Por Luis García Dubus
Miguelito estaba sentado en el suelo, entretenido con un juguete que le habían regalado en su sexto cumpleaños, cuando alguien se le paró en frente y le dijo: “Tienes que portarte bien y no hacer nada que moleste a tu mamá, porque ella está muy enferma, y se va a morir pronto... ¿entendiste?”
Miguelito se quedó mirando el suelo y no contestó. Por suerte para él, el portador de aquella noticia no le exigió una respuesta, y se fue. Y allí se quedó Miguelito, solo. Por primera vez en su vida, solo.
El juguete se le cayó de la mano. Ya no le importaba. El mundo exterior podía lucir idéntico, pero en su pequeño mundo interior se había producido un derrumbe total.
Y no era para menos. Para un niño de seis años, su madre es un valor de absoluta prioridad. Su padre, hermanos, amigos y juguetes también son valores. No es que no lo sean. Pero la madre es un valor prioritario. Es lo fundamental, es lo esencial. Todos los demás valores se supeditan a éste.
La vida de Miguelito se había quedado repentinamente suspendida en el aire. Le habían removido la base en la que estaba cimentada.
Estaba sin sostén y sin apoyo. Estaba solo. Probablemente ha pasado usted por una experiencia similar a ésta.
La pérdida de la madre, del padre, del cónyuge, de un hijo o de una hija, produce un vacío aparentemente imposible de llenar.
Y es natural. Relaciones de este nivel constituyen valores fundamentales para cualquier persona normal.
De estos valores fundamentales nos habla el Señor en el evangelio de hoy (Lucas 14,25-33). Y nos dice algo que puede resultar hasta chocante acerca de ellos. Dice el Señor:
“Si uno de ustedes quiere ser de los míos y no me prefiera su padre y a su madre, a su mujer y sus hijos, a sus hermanos y hermanas, y hasta a sí mismo, no puede ser discípulo mío” (v. 26).
Una pregunta
¿Qué significa esta frase aparentemente tan exigente de parte del Señor?

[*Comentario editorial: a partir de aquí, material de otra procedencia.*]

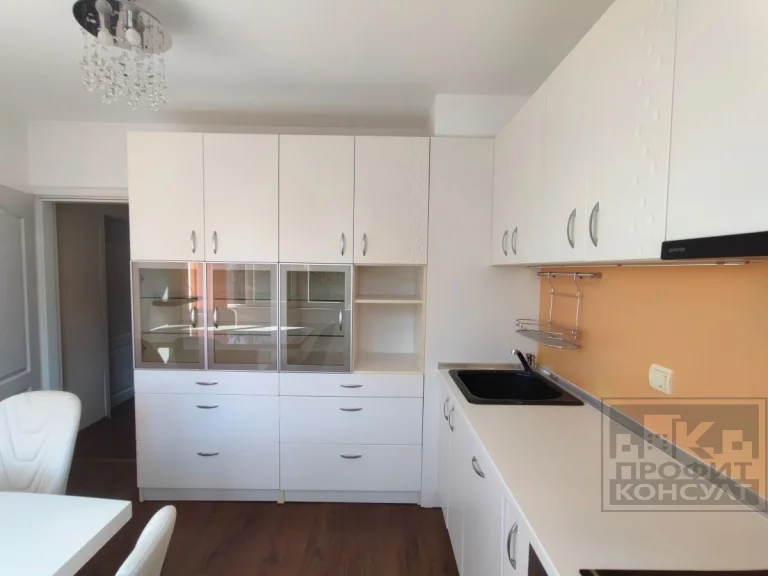 Тристаен апартамент за продажба Велико Търново Бузлуджа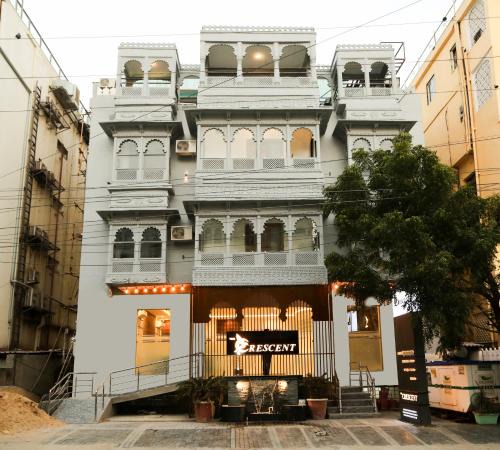 Mali Colony Hotel | The Crescent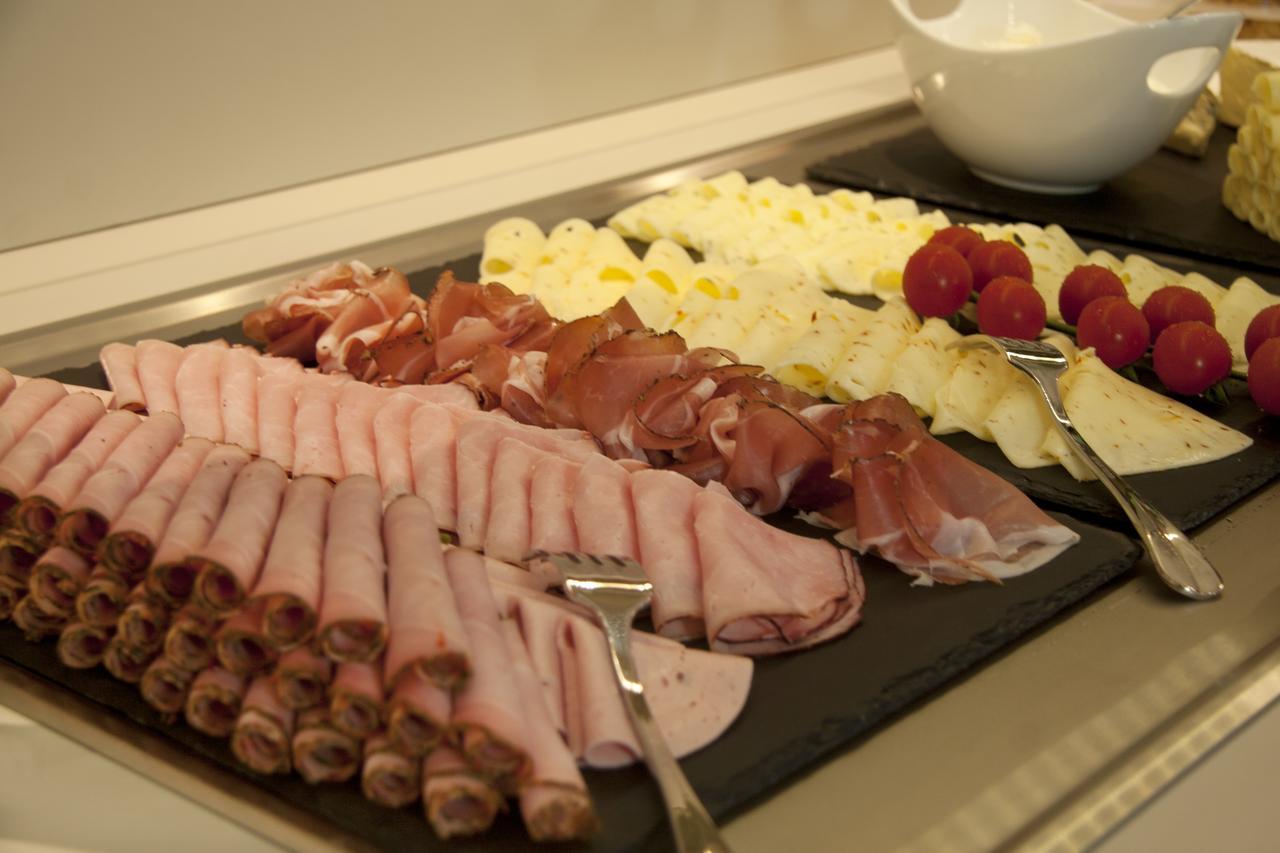 Hotel Am Moosrain Garni 艾汀 外观 照片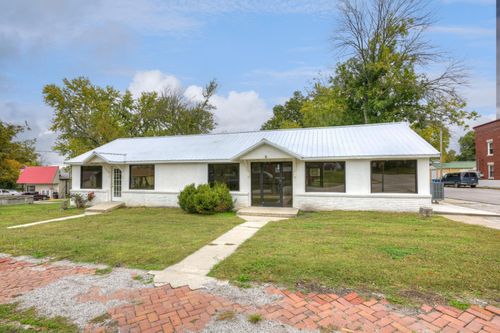 101 W Market St, Diamond, MO, 64840-7312 | Card Image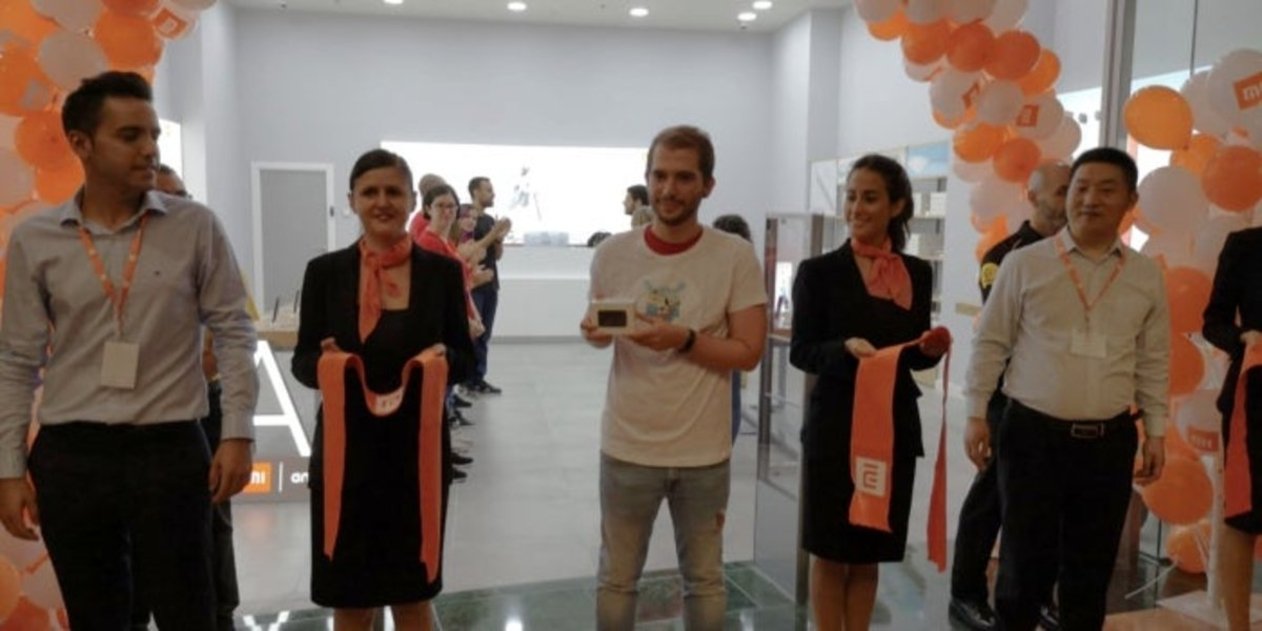 Colas, globos y regalos: así es la inauguración de una tienda Xiaomi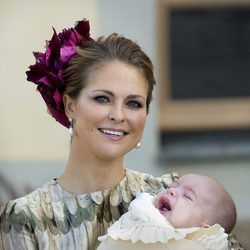 La princesa Magdalena de Suecia sujetando a su hijo Nicolás de Suecia en su bautizo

Significa que el Señor quiere que lo tengamos a Él como nuestro valor prioritario, así como tenía Miguelito a su mamá.
Otra pregunta
¿Qué ventaja tiene quien lo tiene a Él por encima de cualquier otro valor? Tiene la ventaja de saber que está aferrado a alguien a quien a quien no perderá nunca, y por lo tanto, tiene la garantía de no quedarse solo jamás.
De esta forma, el cristiano se libera del peligro de llegar a ser un pobre Miguelito desamparado, y se convierte en una persona madura, que sabe en quién ha confiado.
Puede que pase por momentos de tristeza, pero jamás de desesperación. Quien tiene al Señor como su valor esencial y primordial puede superarlo todo. Como dice Louis Evely: “La alegría cristiana es una tristeza superada”.
El Señor es el único valor firme, seguro y trascendente, en el que usted y yo podemos fundamentar nuestra razón de vivir. Todos los demás valores son sólo juguetes de niños que en cualquier momento se nos pueden caer de la mano.
En cambio, acerca del Señor, afirma San Pablo: “Nadie que confía en Él, quedará defraudado”. (Romanos 10,11) ¿De qué o de quién depende su felicidad?